Die Idiotenprämie ist zurück
Britische Anleihen
Die Idiotenprämie ist zurück
von Andreas Hippin
Großbritannien zahlt für die Kreditaufnahme so viel wie seit 27 Jahren nicht. Für höhere Ausgaben sind das keine guten Bedingungen.
Die Flitterwochen sind schon lange vorbei. Nach der Wahl im Juli vergangenen Jahres hofften Finanzmarktteilnehmer, dass politische Stabilität in Großbritannien einkehren würde. Inzwischen ist klar, dass Schatzkanzlerin Rachel Reeves die Kontrolle über die öffentlichen Finanzen verloren hat. Für ihre Regierung erreichten die Kosten der Kreditaufnahme am Montag den höchsten Stand seit 27 Jahren.
Die Idiotenprämie ist wieder da. Das böse Wort geht auf das Jahr 2022 zurück, als die Renditen am Markt für britische Staatsanleihen (Gilts) nach oben schossen. Zuvor hatte die konservative Regierung von Elizabeth Truss einen nicht gegenfinanzierten Wachstumshaushalt vorgelegt. Groß war die Häme in den Labour nahestehenden Medien. Andrew Bailey, der Gouverneur der Bank of England, konnte sich ein Lächeln nicht verkneifen, als der damalige Schatzkanzler Kwasi Kwarteng von der IWF-Tagung nach London zurückbeordert wurde, um eine Entlassung entgegenzunehmen.
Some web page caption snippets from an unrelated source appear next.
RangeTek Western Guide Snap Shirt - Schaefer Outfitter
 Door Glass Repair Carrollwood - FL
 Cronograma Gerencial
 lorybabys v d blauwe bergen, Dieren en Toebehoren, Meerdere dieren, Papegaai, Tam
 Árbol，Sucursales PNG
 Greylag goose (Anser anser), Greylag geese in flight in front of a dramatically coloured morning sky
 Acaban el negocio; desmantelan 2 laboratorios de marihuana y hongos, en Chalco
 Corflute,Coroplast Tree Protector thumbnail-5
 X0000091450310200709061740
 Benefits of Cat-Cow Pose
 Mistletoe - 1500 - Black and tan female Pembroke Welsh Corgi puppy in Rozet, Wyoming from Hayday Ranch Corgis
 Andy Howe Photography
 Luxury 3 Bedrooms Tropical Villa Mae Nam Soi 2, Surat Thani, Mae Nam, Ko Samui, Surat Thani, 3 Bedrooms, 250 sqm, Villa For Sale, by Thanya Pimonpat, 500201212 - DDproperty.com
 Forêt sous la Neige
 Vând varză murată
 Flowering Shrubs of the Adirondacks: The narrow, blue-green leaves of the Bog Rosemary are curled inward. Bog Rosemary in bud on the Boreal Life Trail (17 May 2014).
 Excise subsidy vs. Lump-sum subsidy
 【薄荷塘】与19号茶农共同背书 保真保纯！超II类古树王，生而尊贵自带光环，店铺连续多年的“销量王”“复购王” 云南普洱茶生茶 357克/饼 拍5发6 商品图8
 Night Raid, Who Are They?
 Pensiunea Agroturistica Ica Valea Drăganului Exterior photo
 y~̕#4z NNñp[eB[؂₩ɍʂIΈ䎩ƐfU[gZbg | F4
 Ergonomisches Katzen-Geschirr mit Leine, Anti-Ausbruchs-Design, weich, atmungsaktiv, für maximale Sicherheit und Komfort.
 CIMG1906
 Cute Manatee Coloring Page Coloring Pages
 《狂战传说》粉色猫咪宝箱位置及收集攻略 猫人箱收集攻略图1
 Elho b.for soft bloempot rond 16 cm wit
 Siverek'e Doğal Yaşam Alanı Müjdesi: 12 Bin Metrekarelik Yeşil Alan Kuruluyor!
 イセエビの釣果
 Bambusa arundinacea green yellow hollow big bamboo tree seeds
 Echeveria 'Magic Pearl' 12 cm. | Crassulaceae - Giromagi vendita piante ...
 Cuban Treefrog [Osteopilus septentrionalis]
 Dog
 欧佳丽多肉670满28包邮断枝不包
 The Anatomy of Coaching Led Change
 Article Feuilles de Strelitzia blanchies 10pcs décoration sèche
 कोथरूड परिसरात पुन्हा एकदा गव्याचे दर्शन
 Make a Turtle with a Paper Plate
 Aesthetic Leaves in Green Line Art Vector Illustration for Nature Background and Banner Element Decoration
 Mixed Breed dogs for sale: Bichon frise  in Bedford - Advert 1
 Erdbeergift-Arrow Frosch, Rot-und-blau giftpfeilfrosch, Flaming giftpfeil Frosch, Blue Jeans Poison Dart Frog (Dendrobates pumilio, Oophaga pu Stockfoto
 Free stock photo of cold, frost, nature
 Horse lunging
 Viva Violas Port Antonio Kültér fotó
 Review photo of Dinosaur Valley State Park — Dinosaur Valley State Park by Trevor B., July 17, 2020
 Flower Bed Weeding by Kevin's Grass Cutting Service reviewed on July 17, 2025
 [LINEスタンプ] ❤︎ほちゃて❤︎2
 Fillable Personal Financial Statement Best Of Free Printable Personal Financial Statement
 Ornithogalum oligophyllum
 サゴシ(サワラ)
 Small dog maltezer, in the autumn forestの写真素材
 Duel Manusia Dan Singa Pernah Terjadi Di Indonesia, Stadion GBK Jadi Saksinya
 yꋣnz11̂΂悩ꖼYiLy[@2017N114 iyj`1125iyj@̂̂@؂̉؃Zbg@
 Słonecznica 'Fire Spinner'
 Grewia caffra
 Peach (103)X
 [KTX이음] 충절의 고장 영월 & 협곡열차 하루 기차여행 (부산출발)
Hinterbänkler schießen quer
Reeves gilt als angezählt, seitdem Premierminister Keir Starmer im Juli ignorierte, dass sie bei einer Fragestunde im Unterhaus Tränen vergoss. Er vermied, sich sofort uneingeschränkt hinter sie zu stellen. Kurz zuvor hatten Labour-Hinterbänkler in ihrem Haushalt fest eingeplante Kürzungen von Sozialleistungen verhindert. Das zeigte, dass die Regierung nicht dazu in der Lage ist, den ausufernden Sozialstaat einzudämmen.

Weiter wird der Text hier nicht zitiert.